La familia: un valor insustituible para el bien del hombre y de la sociedad
Mis queridos hermanos y amigos:
Se cierra el año 2000 con la celebración del Domingo, Fiesta de la Sagrada Familia, como un preludio providencial de la Jornada Mundial de la Paz y del día de la solemne clausura del Año Jubilar. Parece como si esta confluencia de los calendarios civil, litúrgico y pastoral en torno a la conmemoración solemne de la Familia de Jesús, la Familia de Nazareth, nos invitase a leer «los signos de los tiempos» en el umbral de un nuevo siglo y de un nuevo milenio a la luz de la importancia decisiva de la familia para el futuro del hombre y de la sociedad y, no menos, para la paz del mundo.

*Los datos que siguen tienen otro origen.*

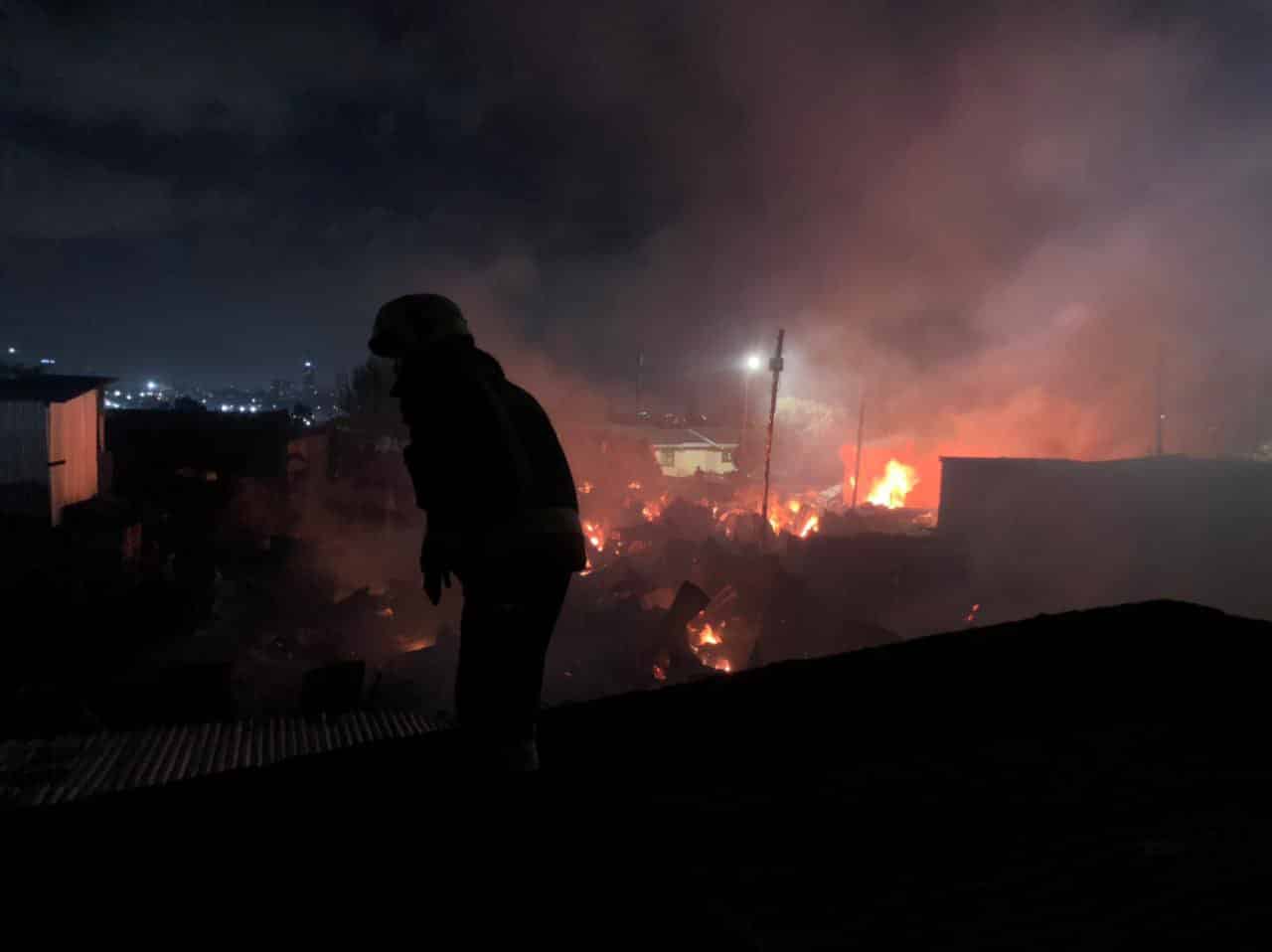 A fire fighter at the Scene in Lang'ata.
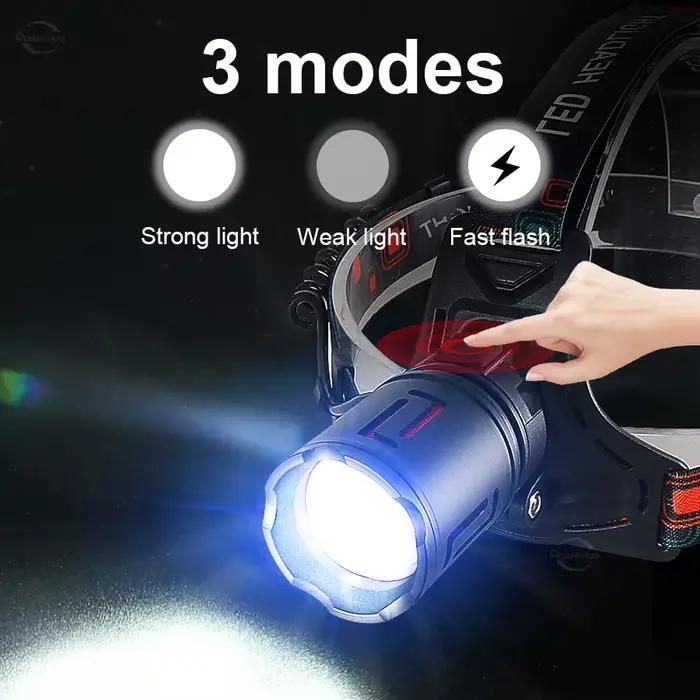 Lampe frontale LED Ultra puissante 980000000LM phare Super lumineux longue portée 7500m lampe frontale Rechargeable lanterne de tête de pêche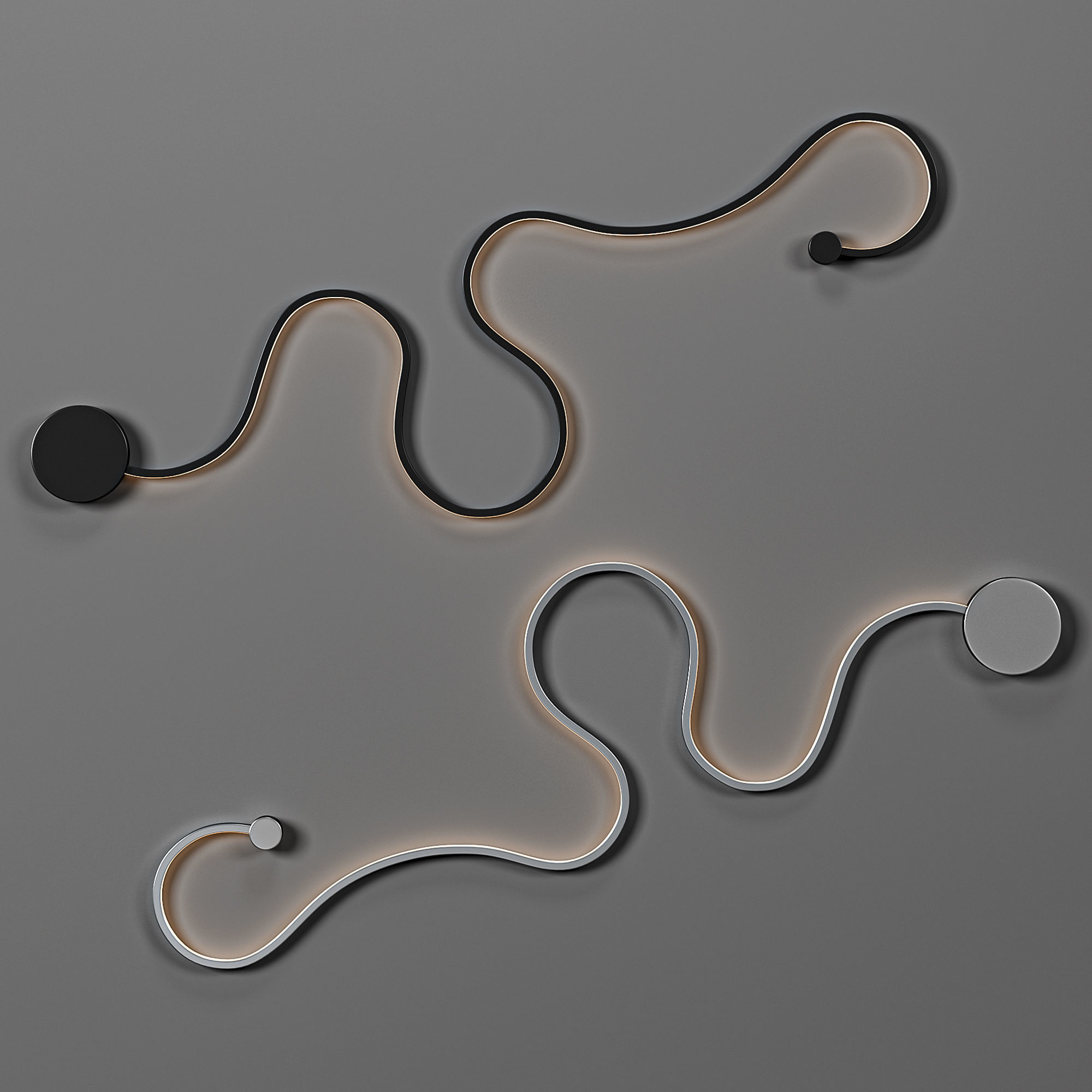 Curved Wall Sconce Light 3D model_4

Por un lado asistimos a la creación de un ambiente cultural, que condiciona cada vez con mayor fuerza a toda la sociedad y a la comunidad política, en el que se propugna una concepción de la familia, supuestamente pluralista y abierta, pero que en el fondo la ataca y destruye en su misma esencia y fundamento, como comunidad de amor y de vida, nacida del matrimonio fiel del varón y la mujer que se encuentran y donan mutuamente para siempre. La supuesta pluralidad de modelos de familia, igualmente estimables y dignos por igual del reconocimiento y protección jurídica del Estado, que se nos presenta como alternativa a la del llamado, un tanto despectivamente, modelo único de matrimonio tradicional, no hace otra cosa que disfrazar la negación del valor insustituible del matrimonio y de la familia para la formación de la persona humana y para la vertebración básica de la sociedad. Los efectos prácticos de lo que pretende ser la forma cultural de entender y vivir la familia, supuestamente más acorde con la época actual y la única de verdad progresista, se notan cada vez más y con mayor dramatismo: el descenso en picado de la natalidad, el crecimiento espectacular de preadolescentes y jóvenes con graves perturbaciones, incluso psíquicas y físicas, de su personalidad —signos de nuevas orfandades— y, no en último lugar, el desarrollo de un clima de dureza social que termina frecuentemente en violencia y que nos envuelve como insensible aunque imparablemente a todos. Se acusa cada vez más un déficit de amor verdadero, desprendido y entregado, en la trama viva de las relaciones mutuas –las más personales y las más públicas– al debilitarse las formas de expresión y vivencia del amor humano, más nobles y fundamentales: el amor esponsal, el amor materno y paterno, el amor filial, el amor entre hermanos…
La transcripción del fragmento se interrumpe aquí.